Annotated 32-11
I think it was about here that readers started guessing we had plans to Joss Whedon this relationship, by which I mean “make it sweet, funny, and brief because one of them will die far too soon,” not “make it nominally feminist enough to be a shield for our own toxic behavior.” Man, linguistic creep is hard to deal with sometimes, and by “linguistic creep” I mean “the mostly slow, sometimes rapid change of words or phrases’ definitions,” not “Joss Whedon, that linguistics-obsessed creep!”
Oh, well, you can’t fool all of the readers all of the time. I was a bit bothered that they were on to us with this one, but not bothered enough to change course. These two deserved what kindness we could give them now, and we were pretty committed to both their stories’ endings at this point.
Would’ve been awkward if they’d come in any earlier, though. Good thing Syr’Nj is a quick dresser.

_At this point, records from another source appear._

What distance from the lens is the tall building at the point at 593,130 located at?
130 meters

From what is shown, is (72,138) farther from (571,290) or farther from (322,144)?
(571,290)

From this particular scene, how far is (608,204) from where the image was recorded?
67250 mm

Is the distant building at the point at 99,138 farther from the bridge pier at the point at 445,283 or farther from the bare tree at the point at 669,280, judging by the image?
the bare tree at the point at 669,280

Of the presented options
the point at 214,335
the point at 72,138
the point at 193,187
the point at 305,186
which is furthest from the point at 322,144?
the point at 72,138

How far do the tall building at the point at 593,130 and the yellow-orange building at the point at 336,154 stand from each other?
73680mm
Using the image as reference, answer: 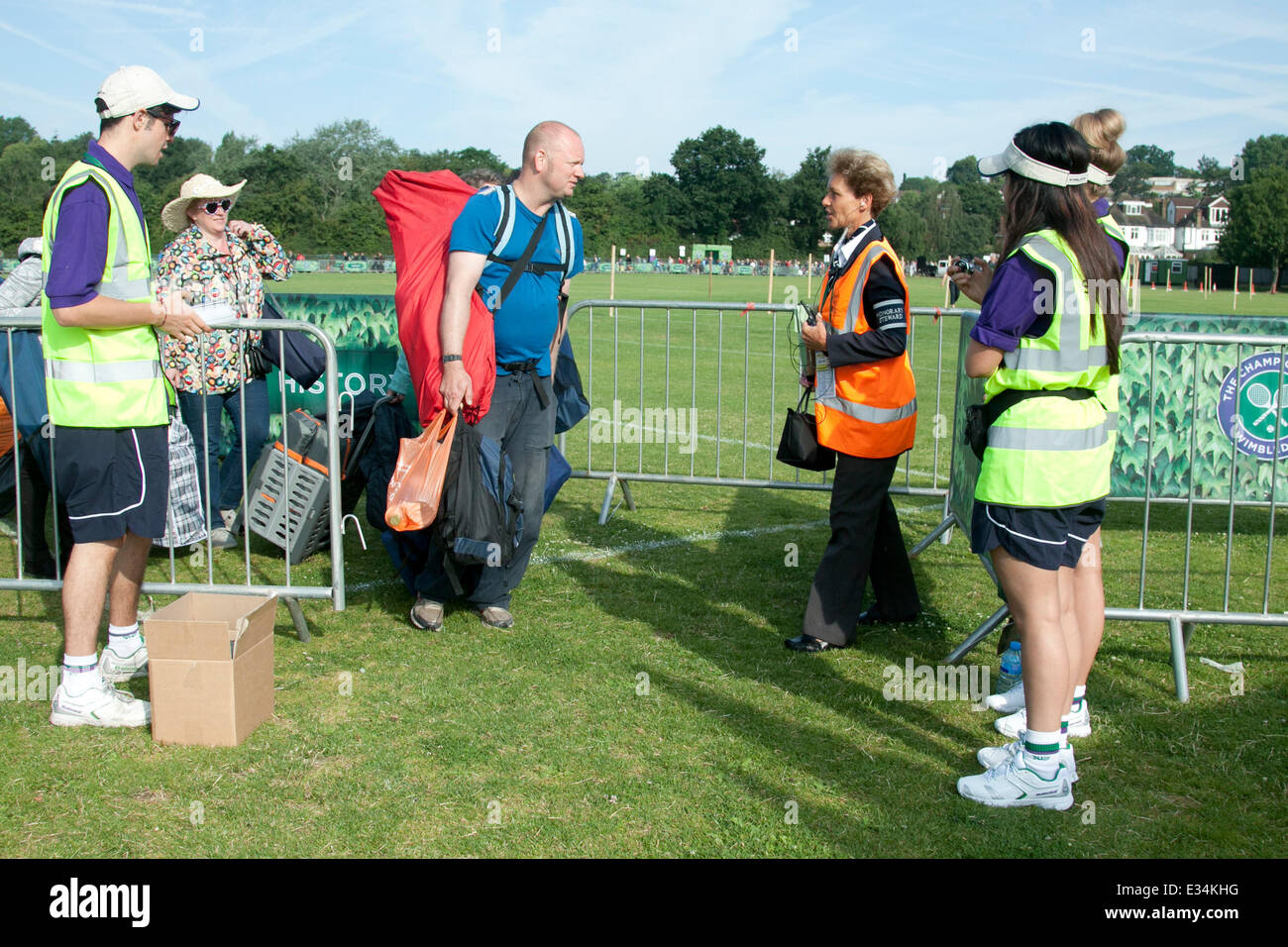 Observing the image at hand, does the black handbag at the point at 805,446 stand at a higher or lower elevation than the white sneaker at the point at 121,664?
higher

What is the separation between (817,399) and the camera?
492 centimetres

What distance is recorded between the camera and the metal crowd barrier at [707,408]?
23.9 feet

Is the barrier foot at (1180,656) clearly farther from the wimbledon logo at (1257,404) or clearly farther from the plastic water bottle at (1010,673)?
the wimbledon logo at (1257,404)

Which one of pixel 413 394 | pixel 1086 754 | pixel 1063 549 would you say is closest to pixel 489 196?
pixel 413 394

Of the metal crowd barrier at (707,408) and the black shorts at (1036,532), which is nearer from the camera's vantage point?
the black shorts at (1036,532)

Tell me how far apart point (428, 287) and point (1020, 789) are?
3292mm

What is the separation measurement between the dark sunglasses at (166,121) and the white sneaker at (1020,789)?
3.60m

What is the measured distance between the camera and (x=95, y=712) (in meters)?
3.92

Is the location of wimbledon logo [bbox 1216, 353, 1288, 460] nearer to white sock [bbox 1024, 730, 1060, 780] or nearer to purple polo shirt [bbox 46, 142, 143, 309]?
white sock [bbox 1024, 730, 1060, 780]

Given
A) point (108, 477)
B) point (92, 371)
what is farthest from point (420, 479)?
point (92, 371)

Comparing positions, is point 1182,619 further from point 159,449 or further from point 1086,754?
point 159,449

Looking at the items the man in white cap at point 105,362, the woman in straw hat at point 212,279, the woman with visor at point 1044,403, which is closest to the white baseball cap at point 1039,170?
the woman with visor at point 1044,403

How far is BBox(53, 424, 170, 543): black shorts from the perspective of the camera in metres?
3.83

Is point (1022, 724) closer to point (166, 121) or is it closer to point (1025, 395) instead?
point (1025, 395) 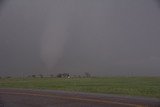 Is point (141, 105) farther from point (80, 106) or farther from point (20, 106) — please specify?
point (20, 106)

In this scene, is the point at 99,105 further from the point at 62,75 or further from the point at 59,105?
the point at 62,75

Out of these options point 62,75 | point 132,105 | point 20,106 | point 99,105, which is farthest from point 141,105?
point 62,75

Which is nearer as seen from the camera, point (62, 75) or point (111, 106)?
point (111, 106)

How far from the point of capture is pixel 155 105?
15.9m

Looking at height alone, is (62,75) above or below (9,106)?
above

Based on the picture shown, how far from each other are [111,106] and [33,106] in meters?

In the corner is the quiet debut of Sephora, the stoic, somewhat ethnocentric sky elf medic commissioned by Kensou. She won’t have a huge role, but we will see her in a succeeding chapter.
This was cute enough that I almost forgot what was going to happen to Rachel…
*Sadface*
Changing the course of the narrative because your readers care enough to pay attention to where the narrative has been going is a toxic disease. Glad you missed out on getting it
Thank you! It’s so weird to me to lay out enough clues that your readers catch on to what you’re doing, and then change it because they figured it out.
While I agree that it would be silly to change your course because readers had found out where you were headed, I also struggle to find anything on this page that says “one of these people… is going to DIE!”
Although tropes, memes, and story conventions can be a useful way to shorthand intent they also can be just as easily subverted. They don’t strike me as meaningful buildup of narrative destination; they can, just as often, be as lazy – if not more so – than they are useful.
Having relationships become comfortable hasn’t been set up as a death sentence for Rachel, E-merl, or Guilded Age as a whole, so I didn’t see this as anything other than innocent cuteness. Fr’Nj/Scipio is the only real relationship I can think of to this point, and it also was sudden. Though without the series of false-starts.
Technically, everyone is going to die.
I was never a big Whedon fan so this didn’t strike me as a death flag. Applaud you for staying the course regardless.
I assumed at this point that that E-Merl was finally going to grow some confidence. If I had written the story, that’s probably where I’d go. But then it gets to E-Merl’s head, he kind of overdoses on self-confidence because too much of it has never before been an issue for him. He starts offending those around him (which affects the main plot in a way the peacekeepers would have rather avoided), and eventually even dear Rachel’s patience approaches its limits … but dangit, they deserve a happy end, so they’d eventually get one.
Upon reading it now, I just want to hug those two. They’re so close to it, yet they don’t have the means to get there.